◆ Your goal
Reproduce the whole listing exactly and let no picture into the copy.

Material for this exercise Start Marker

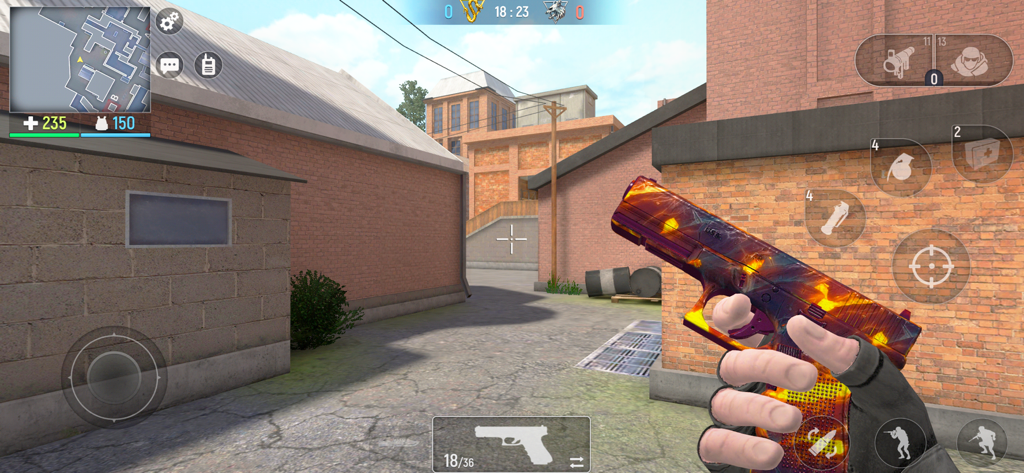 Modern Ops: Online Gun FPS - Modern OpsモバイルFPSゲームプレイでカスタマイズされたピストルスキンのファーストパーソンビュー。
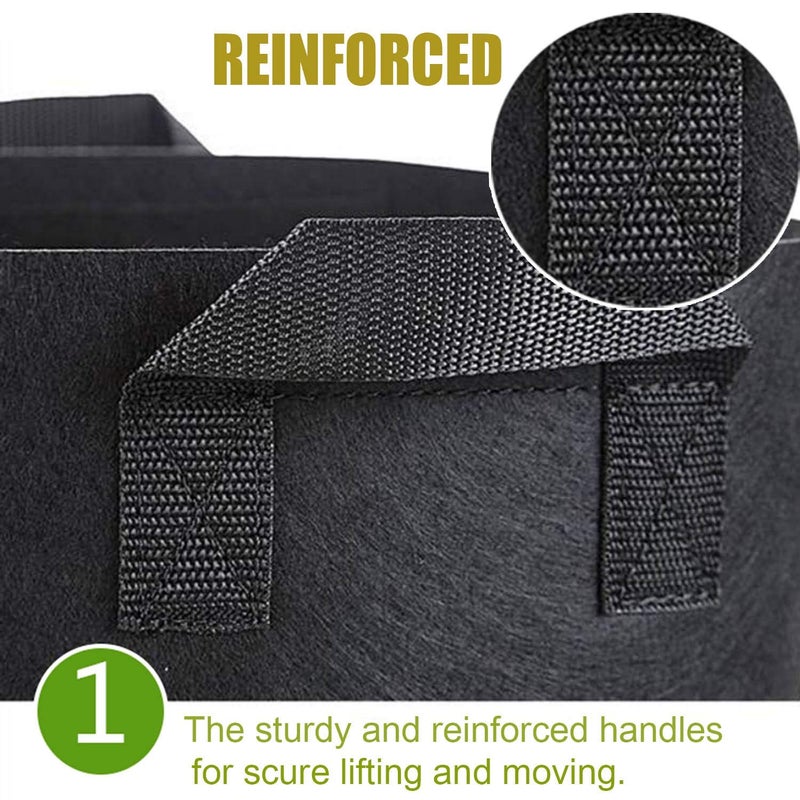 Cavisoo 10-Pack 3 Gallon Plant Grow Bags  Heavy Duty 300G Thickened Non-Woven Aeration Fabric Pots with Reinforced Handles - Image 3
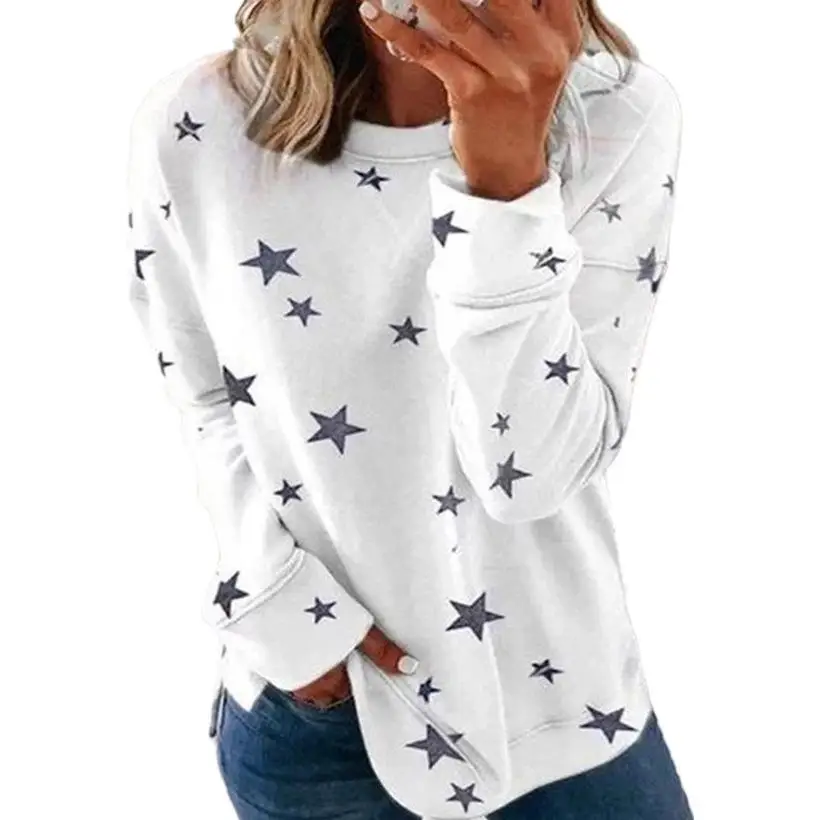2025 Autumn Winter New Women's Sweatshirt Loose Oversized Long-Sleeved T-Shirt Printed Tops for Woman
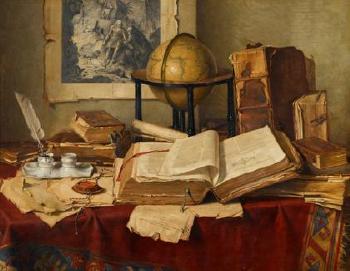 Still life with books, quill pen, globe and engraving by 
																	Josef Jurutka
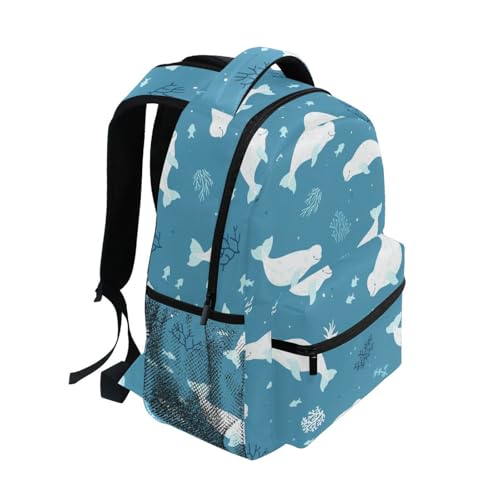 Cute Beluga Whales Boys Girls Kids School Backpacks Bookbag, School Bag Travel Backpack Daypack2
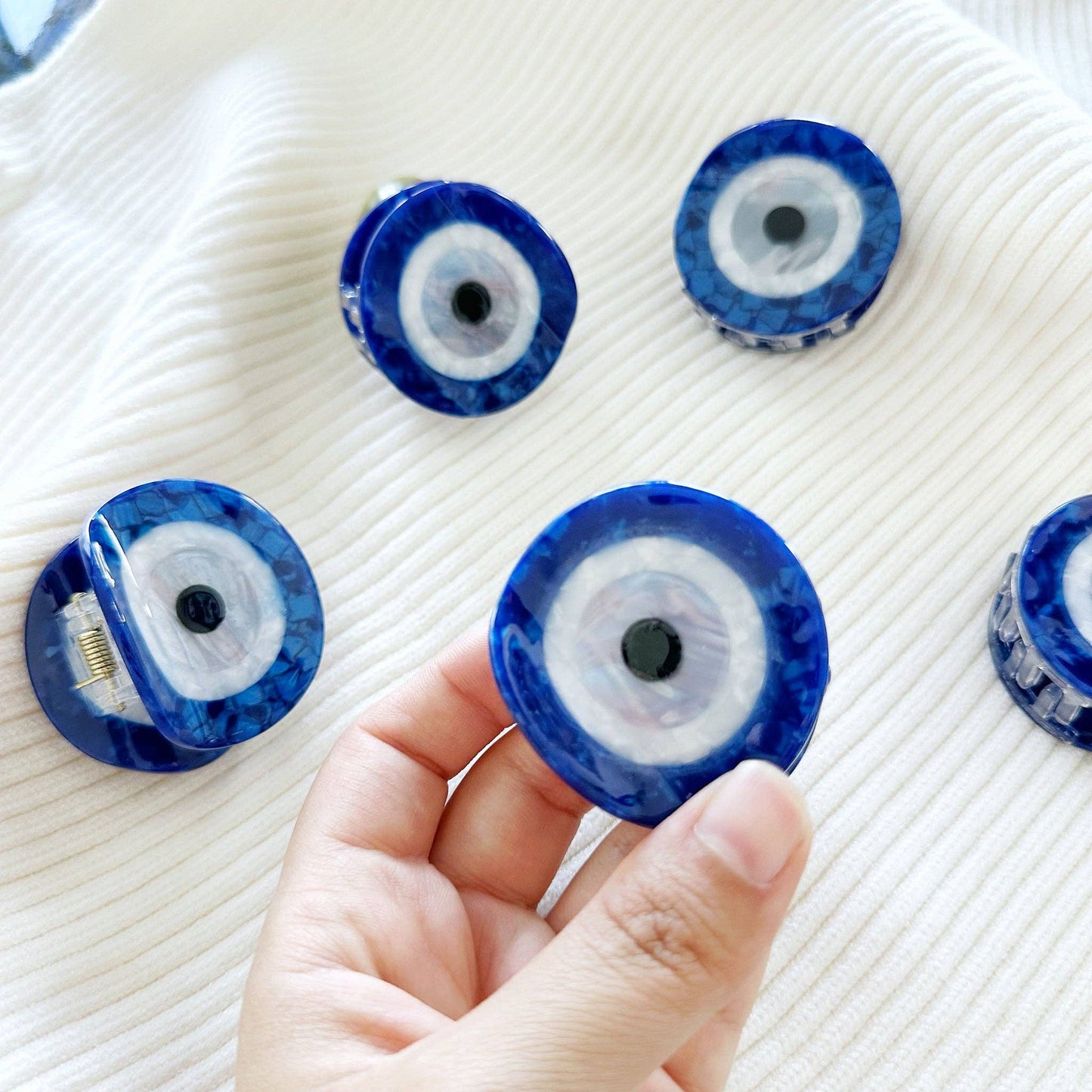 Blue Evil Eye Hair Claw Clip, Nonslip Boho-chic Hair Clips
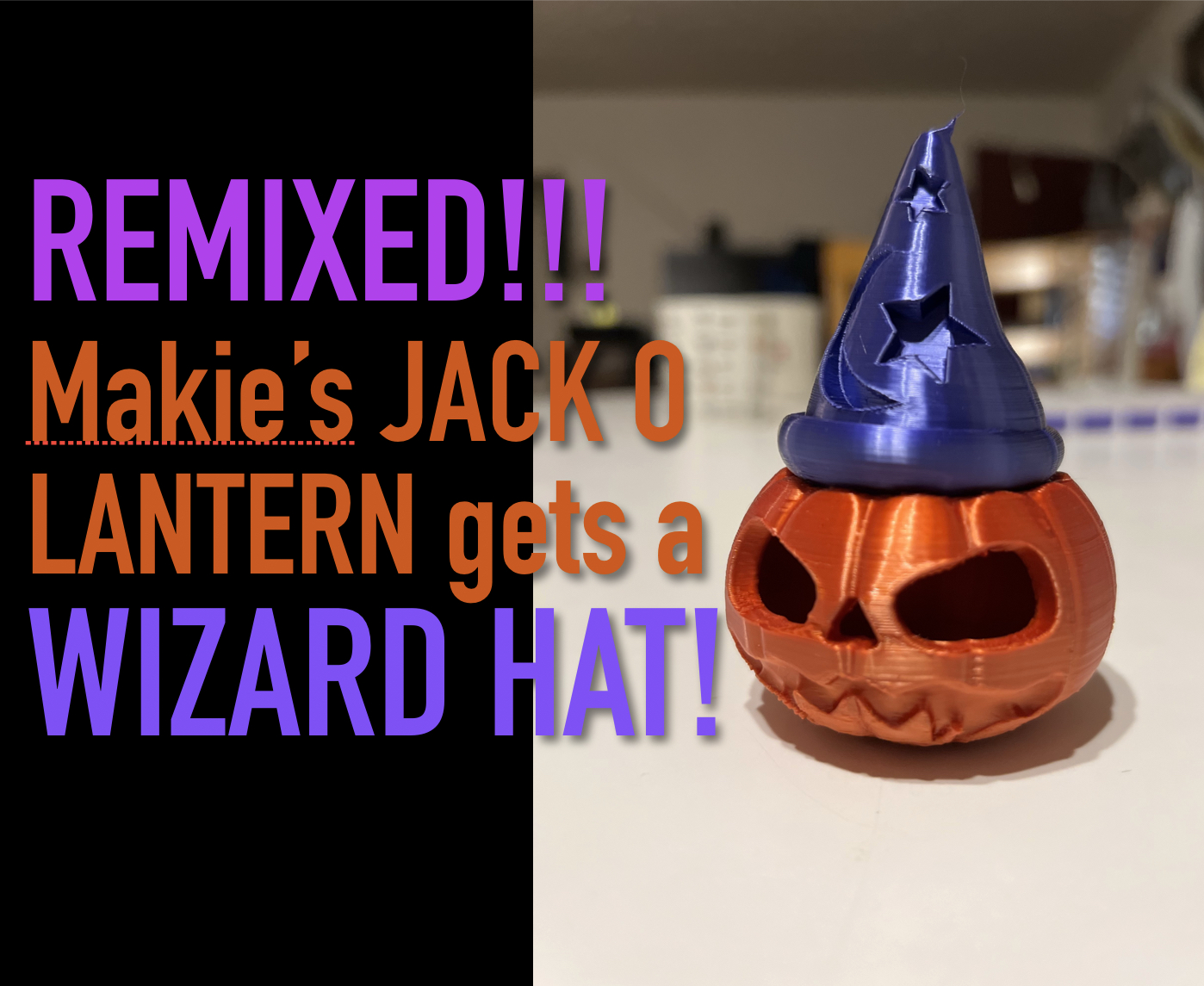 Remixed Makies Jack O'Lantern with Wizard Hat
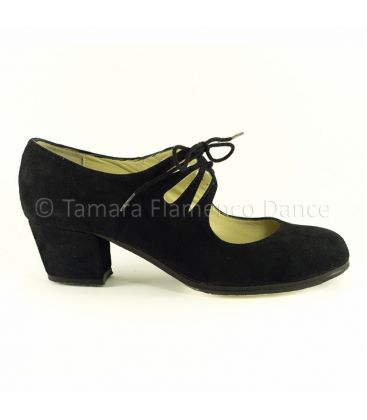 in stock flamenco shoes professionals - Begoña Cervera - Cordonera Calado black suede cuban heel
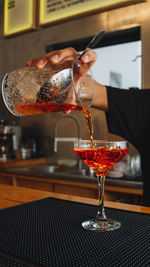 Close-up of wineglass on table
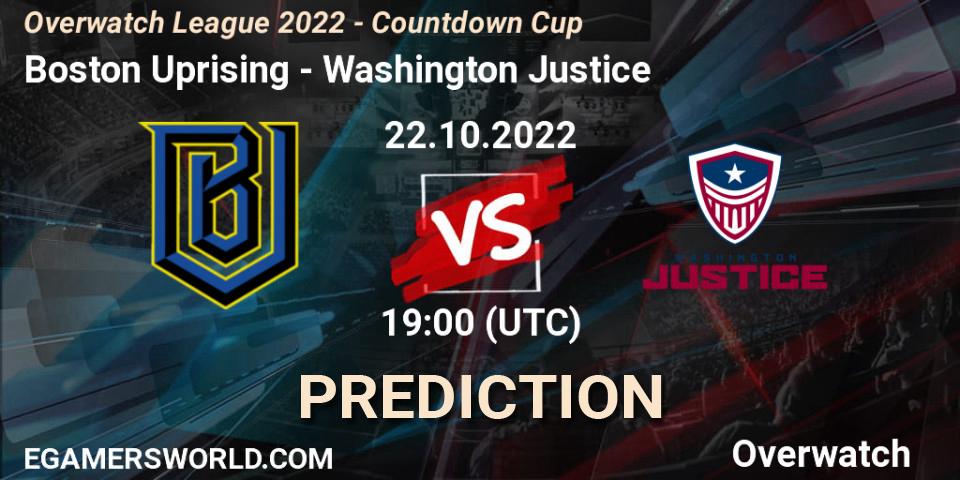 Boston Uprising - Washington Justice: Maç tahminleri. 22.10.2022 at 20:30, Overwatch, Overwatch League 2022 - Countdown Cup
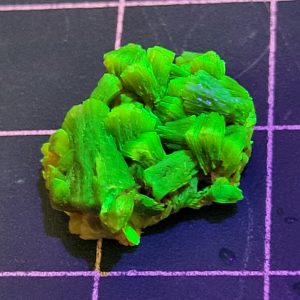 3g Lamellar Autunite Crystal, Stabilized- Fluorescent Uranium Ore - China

Material for this exercise End Marker

◆ Your response
 Modern Ops: Online Gun FPS - Modern OpsモバイルFPSゲームプレイでカスタマイズされたピストルスキンのファーストパーソンビュー。
 Cavisoo 10-Pack 3 Gallon Plant Grow Bags  Heavy Duty 300G Thickened Non-Woven Aeration Fabric Pots with Reinforced Handles - Image 3
2025 Autumn Winter New Women's Sweatshirt Loose Oversized Long-Sleeved T-Shirt Printed Tops for Woman
 Still life with books, quill pen, globe and engraving by 
																	Josef Jurutka
 Cute Beluga Whales Boys Girls Kids School Backpacks Bookbag, School Bag Travel Backpack Daypack2
 Blue Evil Eye Hair Claw Clip, Nonslip Boho-chic Hair Clips
 Remixed Makies Jack O'Lantern with Wizard Hat
 in stock flamenco shoes professionals - Begoña Cervera - Cordonera Calado black suede cuban heel
 Close-up of wineglass on table
 Boston Uprising - Washington Justice: Maç tahminleri. 22.10.2022 at 20:30, Overwatch, Overwatch League 2022 - Countdown Cup
 3g Lamellar Autunite Crystal, Stabilized- Fluorescent Uranium Ore - China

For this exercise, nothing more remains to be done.